なぜ敦康親王でなく、敦成親王が皇太子に選ばれたのか? 藤原道長が関与した事情とは?
今回の大河ドラマ「光る君へ」では、敦康親王でなく、敦成親王が皇太子に選ばれた場面が描かれていた。そこには藤原道長も関与したので、その辺りの事情について考えてみよう。
一条天皇(円融天皇の子)が即位したのは、寛和2年(986)のことである。皇太子は4歳年上の居貞親王(のちの三条天皇)が立てられ、藤原兼家(道長の父)が摂政として支えることになった。
一条天皇の中宮は、摂政・関白を歴任した道隆(兼家の子)の娘の藤原定子である。道隆は道長の兄だった。一条天皇と定子との間に誕生したのが、第一皇子の敦康親王である。とはいえ、事情は複雑だった。
長徳の変により、定子の兄の伊周は失脚した。伊周は父の道隆のおかげで異例の大出世をしたが、すべてが台無しになった。いちおう復帰こそ許されたものの、往時の威勢はすっかりなくなっていたのである。
長保2年(1000)、定子は媄子内親王を出産した直後に亡くなった。伊周にとって、残された敦康親王こそが唯一の希望だった。仮に、敦康親王が天皇になれば、自身の復権が可能になるからだ(伊周は10年後に死去)。
ところが寛弘5年(1008)、道長の娘で一条天皇の中宮の彰子が敦成親王を産んだのである。一条天皇が亡くなったのは3年後のことだが、死の間際に敦康親王と敦成親王のいずれを皇太子にするかが問題となった。

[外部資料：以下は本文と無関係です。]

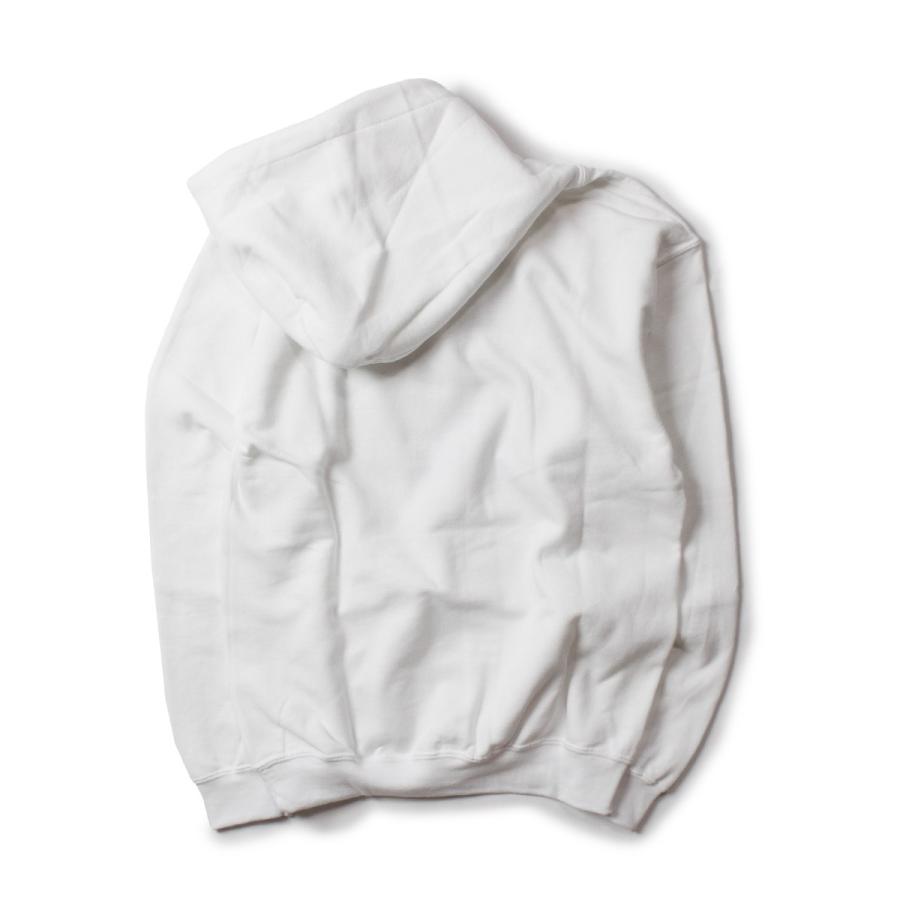 パーカー メンズ ブランド かっこいい レディース プルオーバー ロゴ おしゃれ ブランドロゴ サーフ サーフブランド Offshore オフショア Ofs Os19 1cs 008 Suns Calif 通販 Yahoo ショッピング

通常は第一皇子が皇太子になるので、一条天皇もその意向だった。しかし、道長は敦康親王が皇太子になることにより、自身の権力基盤が弱くなることを危惧した。そうなると道長にとって、敦成親王を推すことが唯一の選択肢となる。
寛弘8年(1011)、一条天皇は藤原行成に皇太子の問題について、助言を乞うた。行成は先例を挙げたほか、道長の意向を汲むことが最善であると答えた。その結果、一条天皇は道長の意に沿うべきだと決断し、敦成親王を皇太子に据えたのである。
この結果を聞いた彰子は、何の相談もなく決まったので激怒したと伝わっている。とはいえ、極めて高度な政治的判断だったので、彰子には何ら成す術がなかった。こうして道長は、盤石な権力基盤を築くことに成功したのである。